Jember (ANTARA News) - Pengamat politik dari Universitas Jember Drs Joko Susilo MSi menegaskan bahwa invasi yang dilakukan Perserikatan Bangsa-Bangsa (PBB) dan Organisasi Pertahanan Atlantik Utara (NATO) tidak akan menyelesaikan krisis Libya.

Tujuan awal serangan rudal pasukan koalisi international ke Libya adalah untuk menerapkan zona larangan terbang seperti diatur dalam resolusi dewan keamanan PBB 973, namun kenyataan di lapangan serangan itu mengancam keselamatan warga sipil sehingga dikecam, kata Joko saat ditemui ANTARA di kampus Universitas Jember, Rabu.

"Resolusi PBB dengan zona larangan terbang di Libya seharusnya mampu menyelamatkan warga sipil, bukan sebaliknya.

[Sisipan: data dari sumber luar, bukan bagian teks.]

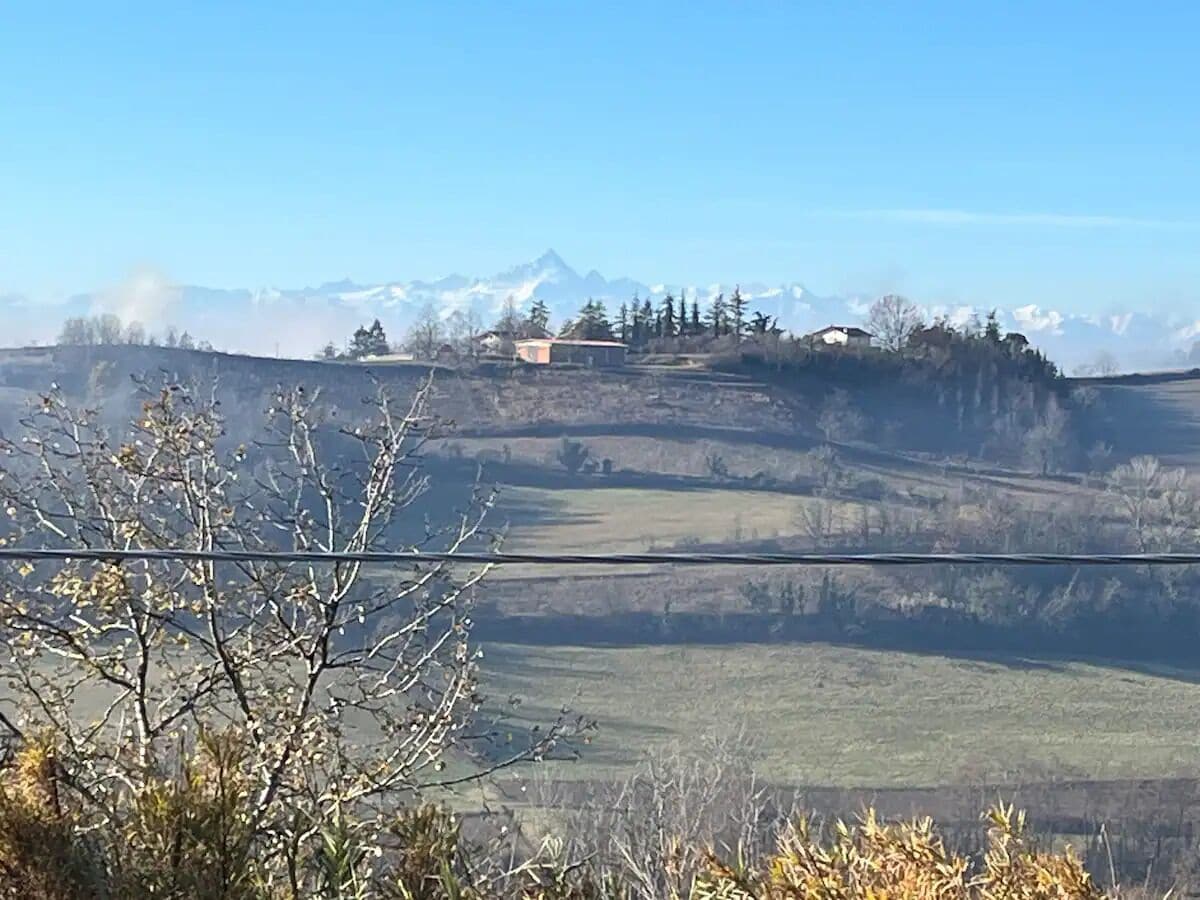 Ländliche Landschaft mit einem Haus auf einem Hügel, umgeben von Feldern und Bergen in der Ferne.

Banyak media lokal di Libya mencatat banyak korban sipil yang tewas akibat invasi Koalisi Internasional itu," paparnya.

Menurut dia, PBB belum mampu mengendalikan situasi krisis di Libya, bahkan invasi yang dilakukan Koalisi Internasiolan di sejumlah kawasan kekuasaan Muammar Khadafi justru memperburuk keadaan.

"Banyak kalangan pengamat menilai ada agenda tersembunyi atas invasi yang dilakukan Koalisi Internasional ke Libya, yakni kepentingan untuk menguasai minyak di sana," katanya, menjelaskan.

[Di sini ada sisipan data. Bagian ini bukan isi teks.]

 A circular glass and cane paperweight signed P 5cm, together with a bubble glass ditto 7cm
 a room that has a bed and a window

Sebagian pengamat menilai bahwa AS lebih prihatin terhadap keamanan cadangan minyak Libya dan bukan kepada rakyat di sana, karena Libya terbukti memiliki cadangan minyak terbesar di Afrika Utara.

Joko menilai penyerahan komando dan pengawas pengendali zona larangan terbang di Libya ke tangan NATO, merupakan bentuk ketidakseriusan pemerintah AS untuk menyelesaikan krisis Libya.

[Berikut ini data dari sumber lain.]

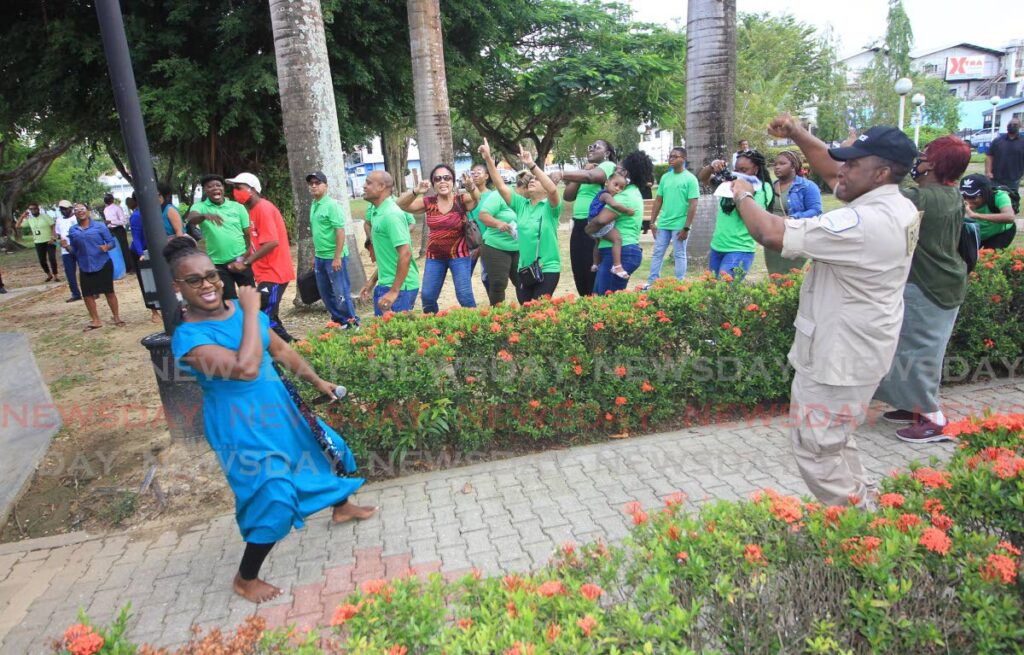 Cops in worship: Acting ACP Curt Simon and PC Nakasa Thatcher-Roberts, a worship leader of Restorative 
Centre Kingdom Community, dance during a day of prayer held by the Evangelical Council of Churches and Central Division 
police at Saith Park, Chaguanas on Saturday.
 - ANGELO MARCELLE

"Presiden Obama terkesan `cuci tangan` atas memburuknya krisis Libya karena banyak warga di AS yang menolak keras kebijakan Obama untuk menyerang Libya," ucapnya, menegaskan.

Ia berharap invasi besar-besaran tidak dilakukan oleh NATO karena dikhawatirkan banyak jatuh korban dari kalangan sipil Libya, karena sosok Gaddafi pandai melakukan kamuflase terhadap opini publik.

"Khadafi tidak akan mundur dan menyerah atas invasi yang dilakukan sejumlah pihak, bahkan ia mampu memanfaatkan jatuhnya korban sipil atas invasi Koalisi Internasional untuk menarik simpati publik. Gaddafi memiliki karakter yang hampir sama dengan Sadam Husein," ujarnya, menambahkan.

Ia berharap PBB mampu menyelesaikan krisis di Libya dengan menekan jatuhnya korban jiwa di kalangan sipil.